GOAL OF THE EXERCISE: Could you give back every record below exactly, leaving out the pictures?

Pictures with short captions
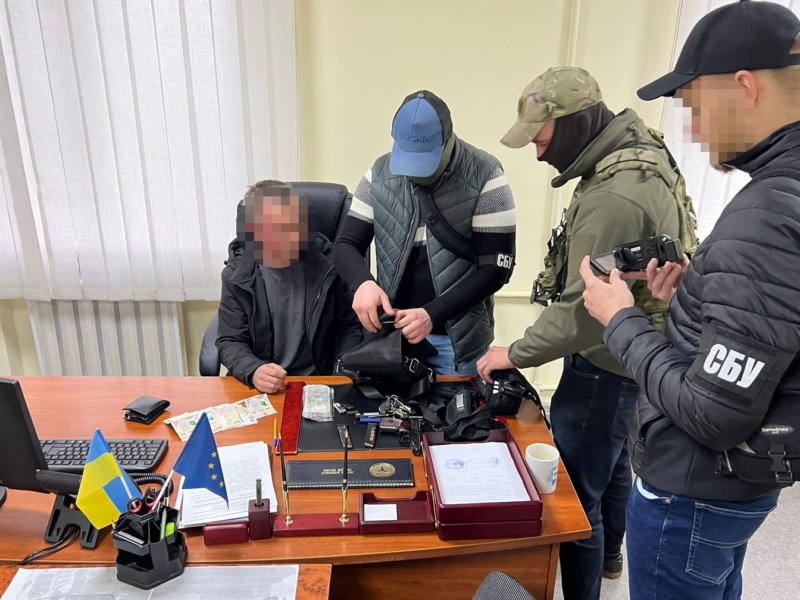 Дозволяв стихійну торгівлю за гроші: у Києві затримали начальника відділу РДА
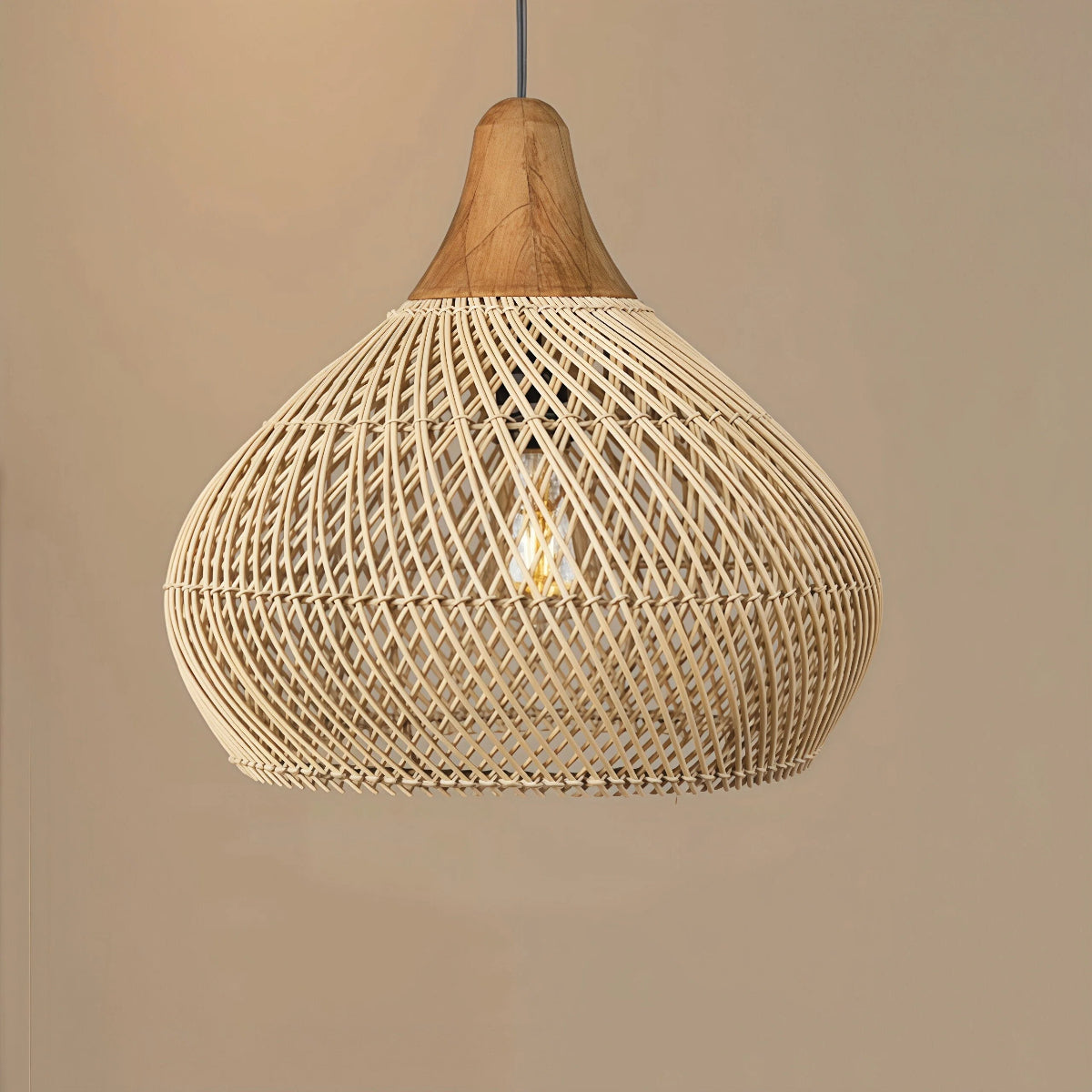 Lampa Wisząca Rattanowa Boho ze Drewnianym Detalem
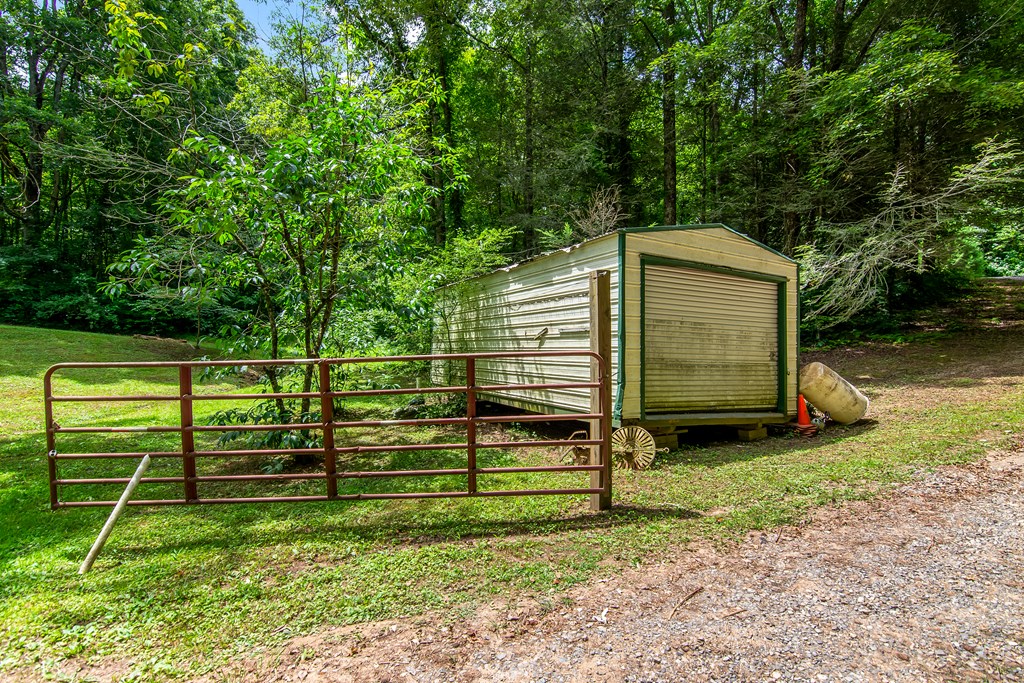 1459 Ray Mountain Road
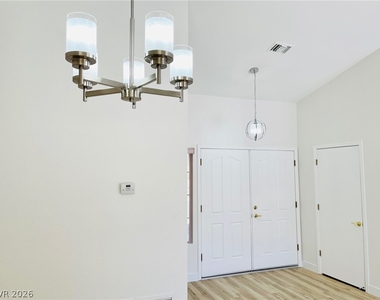 8905 Pennystone Avenue - Photo Thumbnail 4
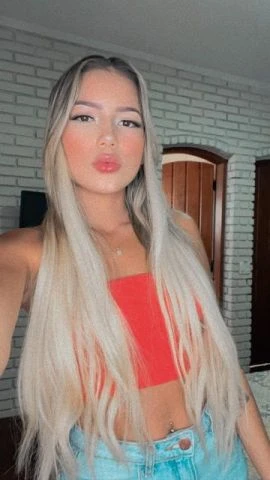 Laura Beatriz — 7 / 9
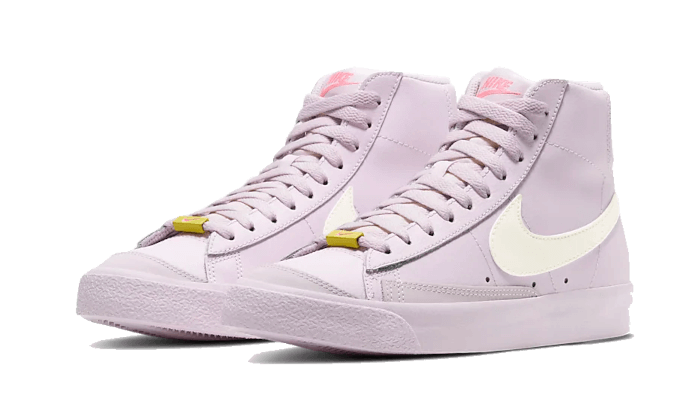 Blazer Mid &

SOLUTION:
 Дозволяв стихійну торгівлю за гроші: у Києві затримали начальника відділу РДА
 Lampa Wisząca Rattanowa Boho ze Drewnianym Detalem
 1459 Ray Mountain Road
 8905 Pennystone Avenue - Photo Thumbnail 4
 Laura Beatriz — 7 / 9
 Blazer Mid &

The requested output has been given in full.